● **Task details**: Below this line is a listing that includes pictures. Copy exactly, and only, the lines from the one containing "SET TANIERE, hrnčeky, obrúsky, MOTÝLY, NARODENINY, jarná" through the one containing "Kcvolro 12V 200Ah"; the pictures do not go in the copy.

● **Exercise data**:
=== Begin Enclosure ===

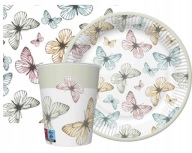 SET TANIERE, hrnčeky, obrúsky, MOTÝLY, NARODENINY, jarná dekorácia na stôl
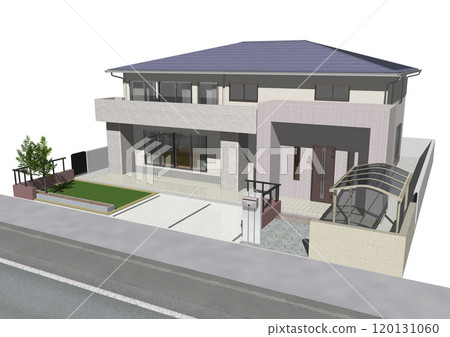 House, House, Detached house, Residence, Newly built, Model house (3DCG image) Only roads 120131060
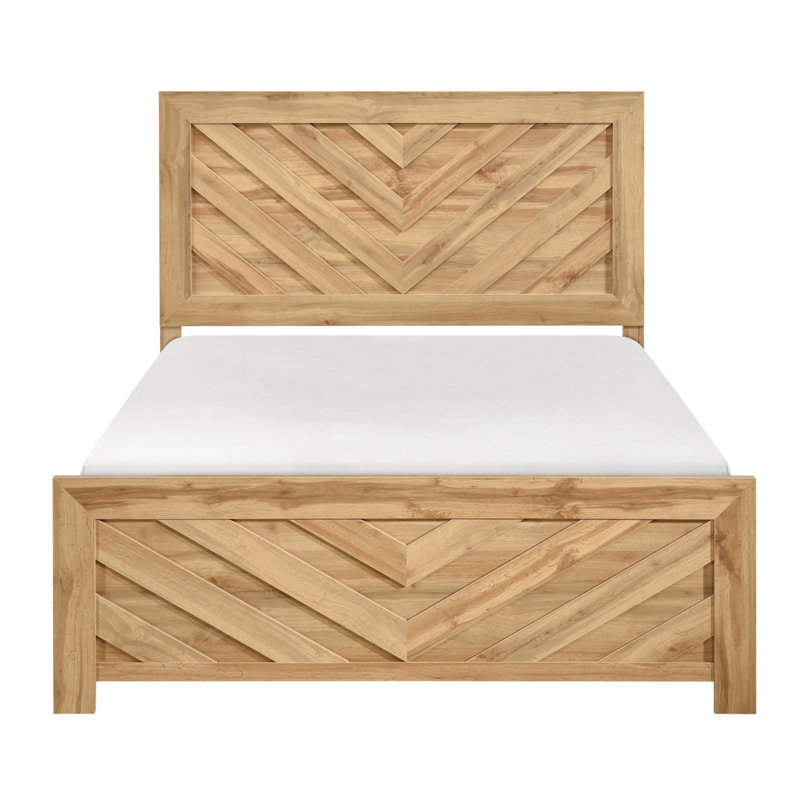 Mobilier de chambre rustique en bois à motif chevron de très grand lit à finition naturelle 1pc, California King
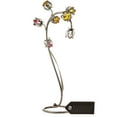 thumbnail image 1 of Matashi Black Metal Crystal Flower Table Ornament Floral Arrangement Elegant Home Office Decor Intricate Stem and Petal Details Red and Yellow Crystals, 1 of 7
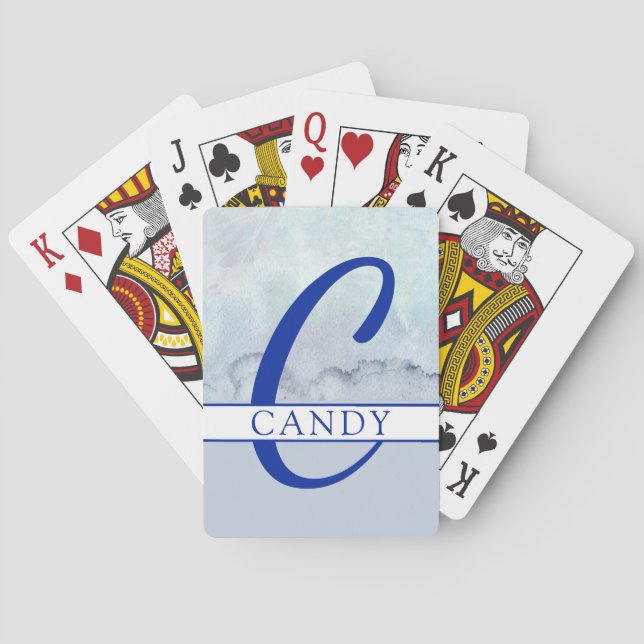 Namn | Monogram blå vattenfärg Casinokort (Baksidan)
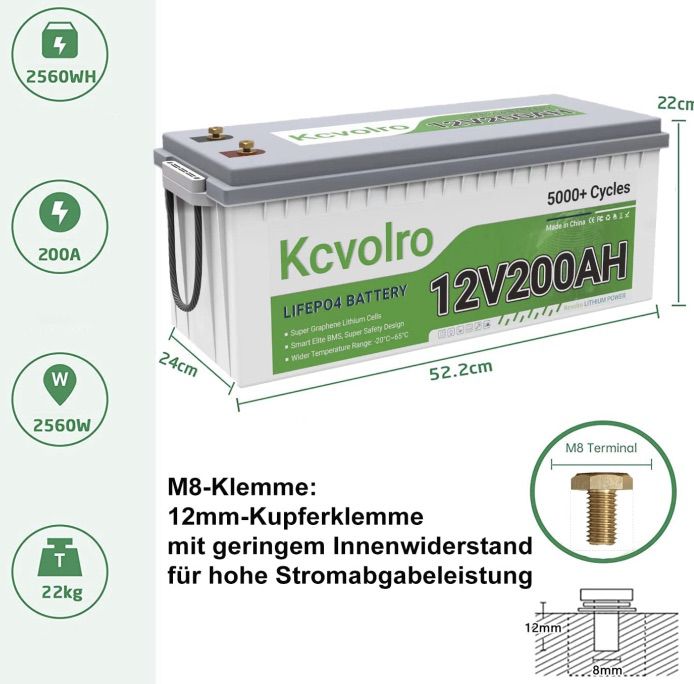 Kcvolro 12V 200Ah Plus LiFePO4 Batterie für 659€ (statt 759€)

=== End Enclosure ===
=== Begin Enclosure ===

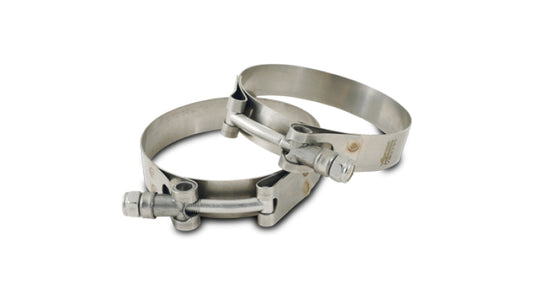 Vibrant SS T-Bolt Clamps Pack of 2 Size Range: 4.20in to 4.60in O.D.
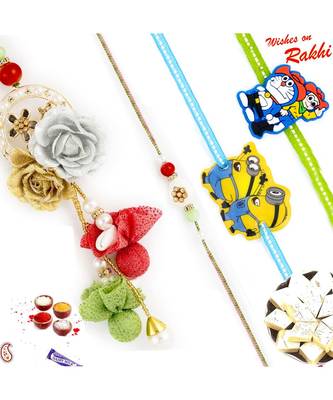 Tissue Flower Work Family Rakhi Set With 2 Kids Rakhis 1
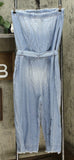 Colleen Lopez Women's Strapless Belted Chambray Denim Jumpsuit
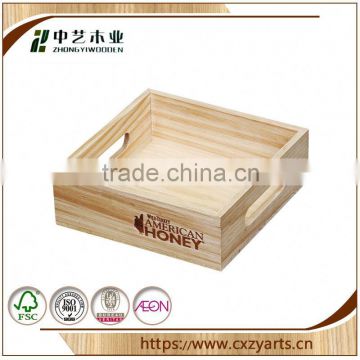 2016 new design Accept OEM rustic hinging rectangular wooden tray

=== End Enclosure ===

● **Exercise result**:
 SET TANIERE, hrnčeky, obrúsky, MOTÝLY, NARODENINY, jarná dekorácia na stôl
 House, House, Detached house, Residence, Newly built, Model house (3DCG image) Only roads 120131060
 Mobilier de chambre rustique en bois à motif chevron de très grand lit à finition naturelle 1pc, California King
 thumbnail image 1 of Matashi Black Metal Crystal Flower Table Ornament Floral Arrangement Elegant Home Office Decor Intricate Stem and Petal Details Red and Yellow Crystals, 1 of 7
 Namn | Monogram blå vattenfärg Casinokort (Baksidan)
 Kcvolro 12V 200Ah Plus LiFePO4 Batterie für 659€ (statt 759€)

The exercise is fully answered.